Processor affinity screwed up?

Ulrich Metzner
Ulrich Metzner
Joined: 22 Jan 05
Posts: 113
Credit: 963370
RAC: 0
Topic 193943

Hello everyone,

i noticed a problem with the new Einstein application 6.04:

Several times i notice the system is not running at full load. Then i find that an Einstein task is using 2 processors instead of only one, thus handicapping for example a parallel running Seti application. So the Seti application runs only at about 30% processing and the total system load is only 70-80%. Once i manually set the processor affinity of the Einstein application to use the other processor only, the system load returns to 100% on my Core2duo. This only happens with Einstein application not with other projects. I searched the board for processor affinity but found not a single mentioning of this problem. The BOINC client i use is version 6.1.0 by cruncher.
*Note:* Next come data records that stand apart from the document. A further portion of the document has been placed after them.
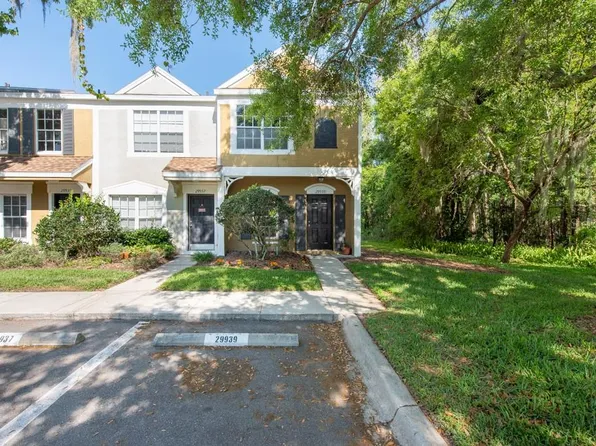 29939 Playa Del Rey Ln, Zephyrhills, FL 33543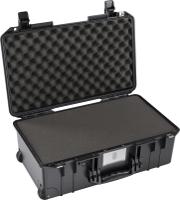 015350-0003-110E, Peli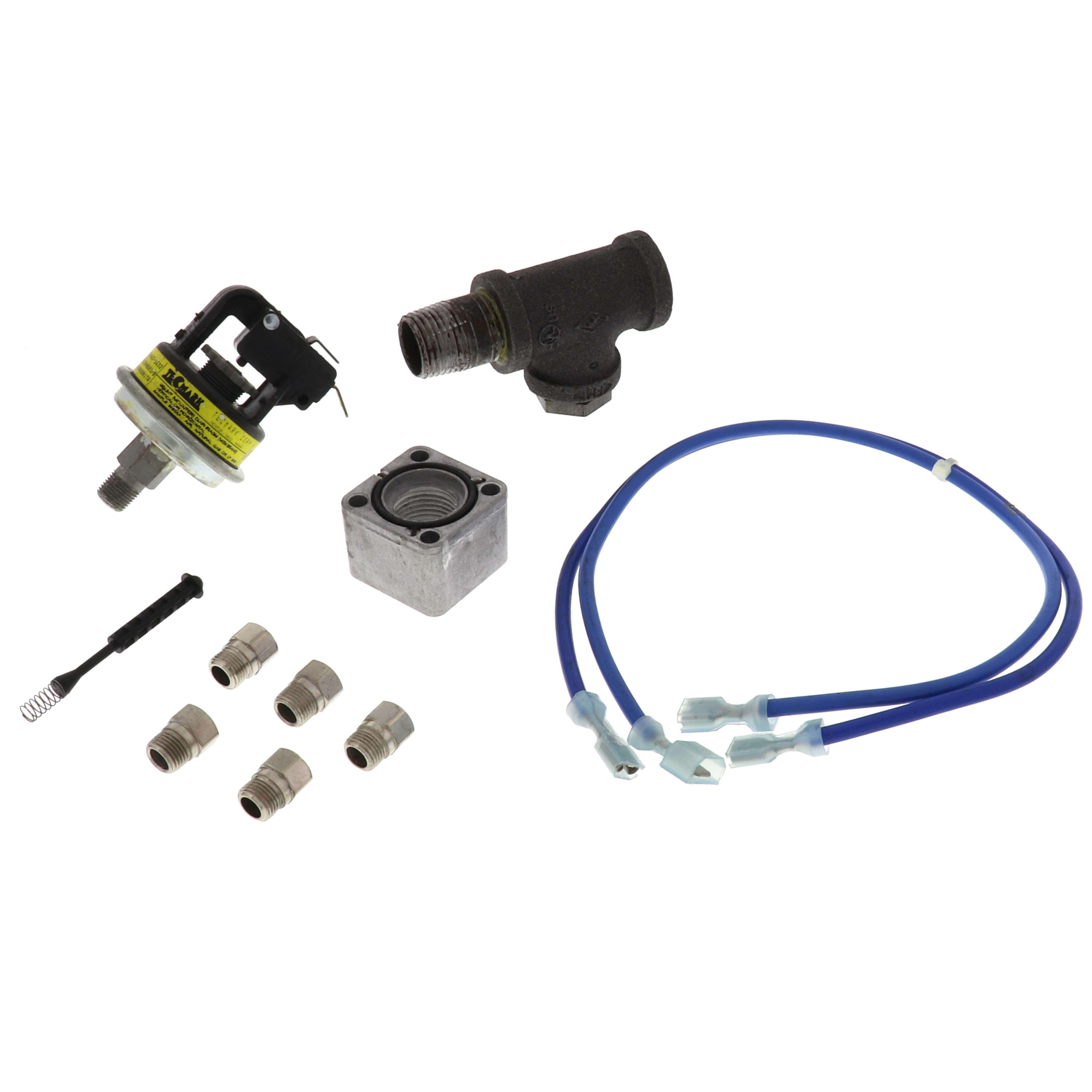 1011789 - Heil Quaker (ICP) 1011789 - Nat to LP Conversion Kit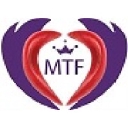Sickle Cell Association Of Texas   Marc Thomas Foundation logo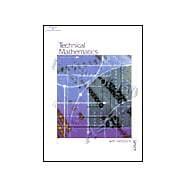 Technical Mathematics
I forgot: I'm using Windows XP professional 32bit version.

Any help appreciated.

Aloha, Uli

Stan Pope
Stan Pope
Joined: 22 Dec 05
Posts: 80
Credit: 426811575
RAC: 0

Processor affinity screwed up?

Here are some data points all using BOINC 5.10.13:

Configuration that shows loss of processor affinity:
Pentium D 3.0GHz wtih Vista Home Premium Service Pack 1

Other configurations here that show proper affinity:
Pentium 4 HT 3.0GHz Vista Home Premium Service Pack 1
AMD Athlon 64 X2 Dual Core 4800+ Vista Home Premium Service Pack 1
Core 2 Quad Q6600 Win XP Service Pack 3
Core 2 Quad Q6600 Vista Home Premium Service Pack 1

Any more in depth details useful? e.g. motherboard, BIOS, ???
Should we put this in the "bug reports" area instead?

Stan

Richard Haselgrove
Richard Haselgrove
Joined: 10 Dec 05
Posts: 2143
Credit: 3002821799
RAC: 712357

What two applications are you

What two applications are you actually seeing this affinity "problem" for?

My guess is that BOINC is launching einstein_S5R4_6.04_windows_intelx86.exe (81 KB), and giving it a whole core all to itself. Since the only role of this app is to detect the presence/absence of SSE capabilities in the CPU, and then launch the appropriate worker app (einstein_S5R4_6.04_windows_intelx86_1.exe, in your case), that's rather a waste of a core.

I think it's highly unlikely that the Einstein project staff will waste time modifying their application to work with an unsupported BOINC feature in an elderly, unofficial BOINC version - I say 'elderly' because even the current (downloaded today) Version 5 of Crunch3r's v6.1.0 is dated 8 February 2008, and hence can't be a true BOINC v6 compliant application.

I think you have three options:

1) Use a stock (supported) BOINC version which doesn't try to enforce processor affinity - I've never seen anyone on any BOINC board post convincing figures to suggest there's any benefit from using affinity on modern CPUs anyway.

2) Write an app_info.xml file to launch instein_S5R4_6.04_windows_intelx86_1.exe directly without benefit of the CPU switcher.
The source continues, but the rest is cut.